▶ _What the exercise asks_
Report the number of lines below in which the word "with" occurs. Nothing else is needed.

▶ _Data provided_
::::

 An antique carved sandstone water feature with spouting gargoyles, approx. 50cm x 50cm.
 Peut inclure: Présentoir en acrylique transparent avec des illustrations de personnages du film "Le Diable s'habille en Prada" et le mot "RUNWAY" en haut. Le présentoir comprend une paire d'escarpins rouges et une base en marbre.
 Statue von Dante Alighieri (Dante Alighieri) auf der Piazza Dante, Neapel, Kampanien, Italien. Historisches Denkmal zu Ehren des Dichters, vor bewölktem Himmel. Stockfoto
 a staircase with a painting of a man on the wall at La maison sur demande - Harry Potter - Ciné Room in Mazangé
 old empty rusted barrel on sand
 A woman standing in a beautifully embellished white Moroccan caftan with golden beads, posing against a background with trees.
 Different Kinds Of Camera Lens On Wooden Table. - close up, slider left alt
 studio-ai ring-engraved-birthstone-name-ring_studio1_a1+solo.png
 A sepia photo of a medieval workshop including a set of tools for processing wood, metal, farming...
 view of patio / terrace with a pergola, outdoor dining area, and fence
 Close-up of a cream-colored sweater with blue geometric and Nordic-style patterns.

::::

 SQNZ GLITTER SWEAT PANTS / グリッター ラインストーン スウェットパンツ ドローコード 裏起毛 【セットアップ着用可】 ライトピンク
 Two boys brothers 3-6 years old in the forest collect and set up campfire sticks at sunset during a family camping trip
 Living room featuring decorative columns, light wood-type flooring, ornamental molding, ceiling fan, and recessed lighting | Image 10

::::

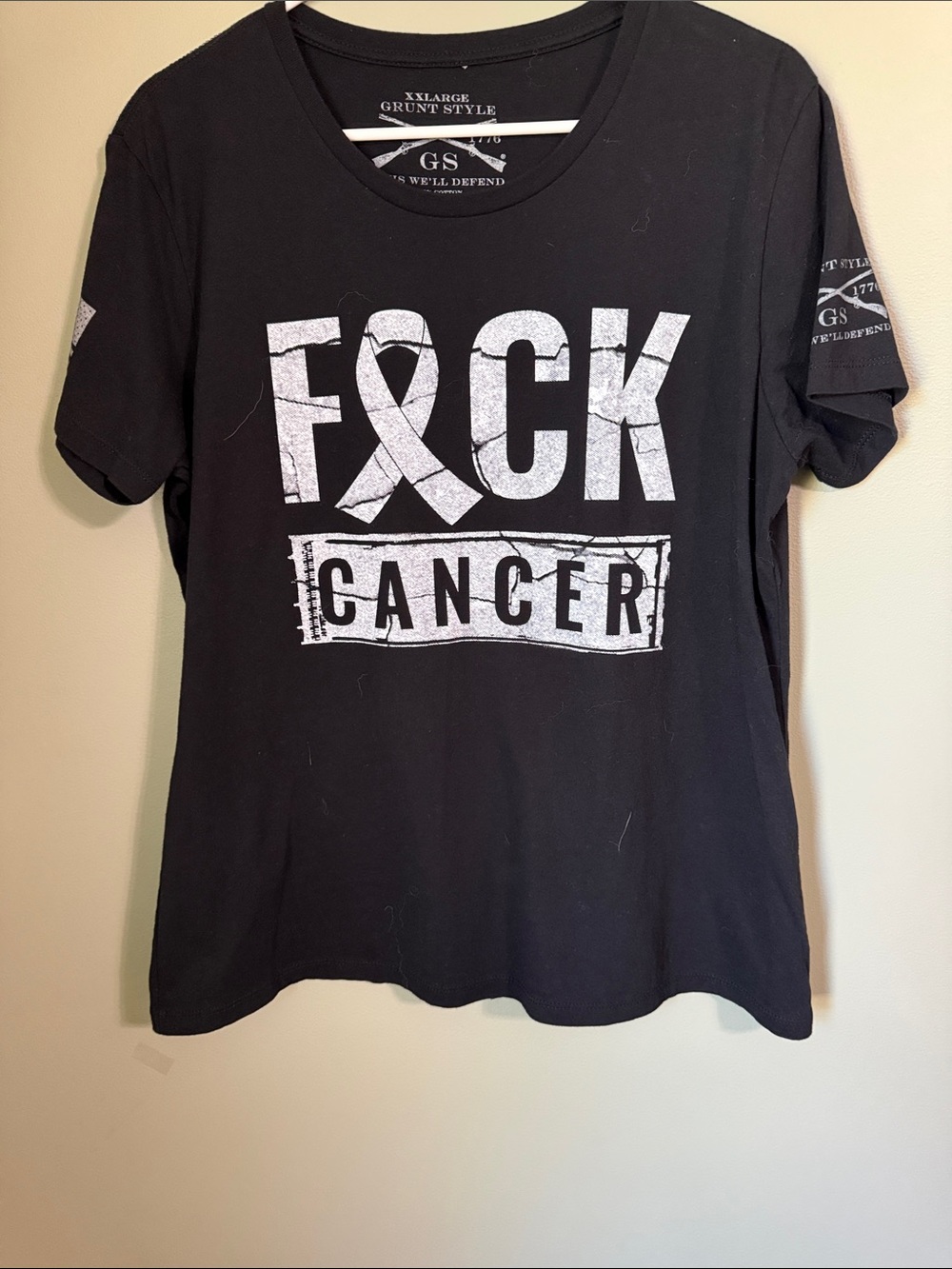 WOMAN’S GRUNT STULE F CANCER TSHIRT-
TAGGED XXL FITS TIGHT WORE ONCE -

::::

▶ _Exercise response_
5